Assess the overall effectiveness of this model (with a formal test). Again, be sure to include hypotheses and the specific value(s) you are using from the output to reach a conclusion.

summary(mod2)
## 
## Call:
## lm(formula = Price ~ Age + Mileage, data = MyCars)
## 
## Residuals:
##     Min      1Q  Median      3Q     Max 
## -4208.5 -1471.6  -217.5   979.8 21253.5 
## 
## Coefficients:
##               Estimate Std. Error t value Pr(>|t|)    
## (Intercept)  1.882e+04  3.017e+02  62.394  < 2e-16 ***
## Age         -9.674e+02  9.891e+01  -9.781  < 2e-16 ***
## Mileage     -3.664e-02  6.815e-03  -5.377 2.13e-07 ***
## ---
## Signif. codes:  0 '***' 0.001 '**' 0.01 '*' 0.05 '.' 0.1 ' ' 1
## 
## Residual standard error: 2429 on 197 degrees of freedom
## Multiple R-squared:  0.6925, Adjusted R-squared:  0.6894 
## F-statistic: 221.9 on 2 and 197 DF,  p-value: < 2.2e-16

I performed a t-test and used the r-squared value of 0.693 and the p-value of approximately 0 to assess the effectiveness of my model. The r-sqaured demonstrates that most of the variability in the response variable (Price) can be explained by my linear combination of gas and mileage. It appears that this model is pretty effective. The r value of 0.83 (square root of r-squared) demonstrates a strong positive linear relationship between price and variables age and mileage. The p-value being close to 0 allows us to reject the null hypothesis and conclude a linear relationship from our model. Our model appears effective because of the conclusions we were able to draw from the p-value and r and r-squared values. H0: p-value;Age=0 H&alpha: p-value ;Age!=0

5 - Compute and interpret the variance inflation factor (VIF) for your predictors.

vif(mod2)
##     Age Mileage 
##  2.1946  2.1946

Both values for age and mileage are between 1 and 5, which means they are moderately correlated. This does not necessarily mean there is multicollinearity, but it is something to be aware of because it can impact coefficients and t-tests.

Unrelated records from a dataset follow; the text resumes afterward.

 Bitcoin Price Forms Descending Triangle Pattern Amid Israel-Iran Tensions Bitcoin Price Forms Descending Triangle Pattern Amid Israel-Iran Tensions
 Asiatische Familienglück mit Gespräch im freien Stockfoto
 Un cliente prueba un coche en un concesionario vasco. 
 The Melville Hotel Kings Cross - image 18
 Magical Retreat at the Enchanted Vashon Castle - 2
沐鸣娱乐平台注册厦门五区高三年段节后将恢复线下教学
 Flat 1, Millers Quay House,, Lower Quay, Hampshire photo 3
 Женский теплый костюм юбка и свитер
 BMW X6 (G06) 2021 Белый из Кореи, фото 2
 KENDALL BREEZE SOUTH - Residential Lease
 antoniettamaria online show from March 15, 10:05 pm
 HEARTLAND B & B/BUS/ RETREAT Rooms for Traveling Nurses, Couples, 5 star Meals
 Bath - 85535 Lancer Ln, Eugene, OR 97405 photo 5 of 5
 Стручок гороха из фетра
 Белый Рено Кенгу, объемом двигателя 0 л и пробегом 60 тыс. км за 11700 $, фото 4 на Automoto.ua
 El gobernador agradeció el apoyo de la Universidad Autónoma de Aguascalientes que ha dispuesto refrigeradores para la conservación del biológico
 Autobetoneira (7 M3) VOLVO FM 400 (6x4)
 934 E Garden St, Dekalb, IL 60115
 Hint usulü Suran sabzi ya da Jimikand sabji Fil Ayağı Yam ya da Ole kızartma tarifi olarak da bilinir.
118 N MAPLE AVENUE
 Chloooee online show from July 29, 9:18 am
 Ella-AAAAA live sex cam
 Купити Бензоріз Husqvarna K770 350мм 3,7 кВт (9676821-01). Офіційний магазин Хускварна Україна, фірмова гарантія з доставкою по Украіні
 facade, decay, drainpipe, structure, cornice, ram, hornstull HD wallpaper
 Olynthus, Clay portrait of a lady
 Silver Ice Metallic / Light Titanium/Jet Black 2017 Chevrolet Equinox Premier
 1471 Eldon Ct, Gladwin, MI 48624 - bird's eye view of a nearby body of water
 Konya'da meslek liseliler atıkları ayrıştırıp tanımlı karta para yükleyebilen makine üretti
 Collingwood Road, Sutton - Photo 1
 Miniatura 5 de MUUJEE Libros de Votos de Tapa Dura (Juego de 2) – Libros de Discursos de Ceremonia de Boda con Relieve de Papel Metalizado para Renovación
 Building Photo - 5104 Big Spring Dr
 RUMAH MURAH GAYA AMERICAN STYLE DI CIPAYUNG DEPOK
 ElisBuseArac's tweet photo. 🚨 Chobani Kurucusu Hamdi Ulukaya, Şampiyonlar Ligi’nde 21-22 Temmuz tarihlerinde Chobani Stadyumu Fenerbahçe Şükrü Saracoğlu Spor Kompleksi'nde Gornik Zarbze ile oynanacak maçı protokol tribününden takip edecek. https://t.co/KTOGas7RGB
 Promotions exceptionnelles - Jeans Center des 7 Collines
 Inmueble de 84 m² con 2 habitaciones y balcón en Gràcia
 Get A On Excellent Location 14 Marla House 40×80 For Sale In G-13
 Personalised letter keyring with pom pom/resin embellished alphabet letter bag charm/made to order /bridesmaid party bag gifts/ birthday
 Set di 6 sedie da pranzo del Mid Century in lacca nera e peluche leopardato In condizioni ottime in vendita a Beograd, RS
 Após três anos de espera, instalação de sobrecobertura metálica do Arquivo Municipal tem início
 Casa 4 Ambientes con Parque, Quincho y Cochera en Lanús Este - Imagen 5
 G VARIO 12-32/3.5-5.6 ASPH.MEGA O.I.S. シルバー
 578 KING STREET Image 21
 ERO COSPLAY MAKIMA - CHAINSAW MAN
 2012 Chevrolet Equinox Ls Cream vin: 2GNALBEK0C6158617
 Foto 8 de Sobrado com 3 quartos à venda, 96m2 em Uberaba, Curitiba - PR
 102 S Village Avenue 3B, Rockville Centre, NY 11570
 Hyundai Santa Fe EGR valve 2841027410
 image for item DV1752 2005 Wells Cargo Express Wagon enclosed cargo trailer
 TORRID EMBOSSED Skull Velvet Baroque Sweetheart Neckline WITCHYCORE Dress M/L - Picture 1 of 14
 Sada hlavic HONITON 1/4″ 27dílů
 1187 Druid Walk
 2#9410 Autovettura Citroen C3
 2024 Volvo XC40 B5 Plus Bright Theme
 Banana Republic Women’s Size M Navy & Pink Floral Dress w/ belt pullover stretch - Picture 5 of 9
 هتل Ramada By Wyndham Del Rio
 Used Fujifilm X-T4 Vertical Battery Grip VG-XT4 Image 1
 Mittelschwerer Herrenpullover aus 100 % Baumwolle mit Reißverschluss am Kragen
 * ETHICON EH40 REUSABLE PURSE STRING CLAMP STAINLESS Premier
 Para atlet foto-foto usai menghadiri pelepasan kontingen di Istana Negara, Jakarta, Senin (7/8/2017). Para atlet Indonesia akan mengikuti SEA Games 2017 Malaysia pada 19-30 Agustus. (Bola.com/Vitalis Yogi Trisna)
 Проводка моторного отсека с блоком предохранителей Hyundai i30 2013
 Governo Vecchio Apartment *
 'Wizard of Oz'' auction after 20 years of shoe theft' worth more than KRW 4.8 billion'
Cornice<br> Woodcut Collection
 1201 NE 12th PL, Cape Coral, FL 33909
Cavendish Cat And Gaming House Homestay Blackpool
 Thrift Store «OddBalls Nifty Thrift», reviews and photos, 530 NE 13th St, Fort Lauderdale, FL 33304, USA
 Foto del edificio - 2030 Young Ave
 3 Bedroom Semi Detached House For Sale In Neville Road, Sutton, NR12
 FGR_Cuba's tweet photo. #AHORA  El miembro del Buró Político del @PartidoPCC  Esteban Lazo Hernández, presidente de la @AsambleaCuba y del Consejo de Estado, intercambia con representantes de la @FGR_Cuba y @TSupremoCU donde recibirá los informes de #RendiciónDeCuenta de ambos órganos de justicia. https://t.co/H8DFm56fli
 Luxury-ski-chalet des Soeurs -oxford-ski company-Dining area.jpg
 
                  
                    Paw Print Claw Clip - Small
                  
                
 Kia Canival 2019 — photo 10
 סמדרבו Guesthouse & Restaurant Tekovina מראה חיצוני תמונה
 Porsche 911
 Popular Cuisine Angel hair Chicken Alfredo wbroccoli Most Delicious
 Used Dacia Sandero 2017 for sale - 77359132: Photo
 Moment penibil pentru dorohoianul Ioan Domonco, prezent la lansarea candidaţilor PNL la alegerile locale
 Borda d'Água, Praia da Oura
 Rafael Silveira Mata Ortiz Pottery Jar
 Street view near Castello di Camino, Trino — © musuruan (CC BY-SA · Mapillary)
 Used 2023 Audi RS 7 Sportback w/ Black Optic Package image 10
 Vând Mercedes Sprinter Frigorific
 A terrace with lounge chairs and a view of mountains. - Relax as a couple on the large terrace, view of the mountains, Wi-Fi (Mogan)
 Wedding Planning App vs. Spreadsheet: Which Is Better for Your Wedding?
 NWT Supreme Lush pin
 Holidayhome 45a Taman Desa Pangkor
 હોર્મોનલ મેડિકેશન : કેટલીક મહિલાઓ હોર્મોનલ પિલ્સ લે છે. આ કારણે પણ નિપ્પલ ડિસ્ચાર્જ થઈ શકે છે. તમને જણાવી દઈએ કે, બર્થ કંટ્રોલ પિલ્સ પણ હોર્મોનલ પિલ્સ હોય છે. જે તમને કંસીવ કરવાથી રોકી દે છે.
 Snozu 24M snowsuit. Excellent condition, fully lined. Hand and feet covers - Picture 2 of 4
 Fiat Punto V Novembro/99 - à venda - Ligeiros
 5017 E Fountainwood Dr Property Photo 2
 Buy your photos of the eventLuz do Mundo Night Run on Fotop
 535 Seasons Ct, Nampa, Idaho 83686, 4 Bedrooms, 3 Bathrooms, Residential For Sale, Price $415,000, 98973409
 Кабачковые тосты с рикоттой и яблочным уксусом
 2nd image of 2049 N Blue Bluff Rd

6 - Suppose that you are interested in purchasing a car of this model that is three years old (in 2017) with

31K miles. Determine each of the following: 90% confidence interval for the mean price at this age and mileage and 90% prediction interval for the price of an individual car at this age and mileage. Write sentences that carefully interpret each of the intervals (in terms of car prices).

newdata=data.frame(Age = 3, Mileage = 31000)
predict.lm(mod2, newdata, interval = "confidence", level = 0.9)
##        fit      lwr      upr
## 1 14785.55 14467.37 15103.74
predict.lm(mod2, newdata, interval = "prediction", level = 0.9)
##        fit      lwr      upr
## 1 14785.55 10759.19 18811.92

The predicted value for purchasing a car of this model that is three years old and has 31K miles is 14,785.55 dollars. We are 90% confident that the mean price of a car of this model, that is three years old and has 31K miles, falls between 14,467.37 dollars and 15,103.74. We are 90% confident that the price of an individual car falls between 10,759.19 dollars and 18,811.92 dollars.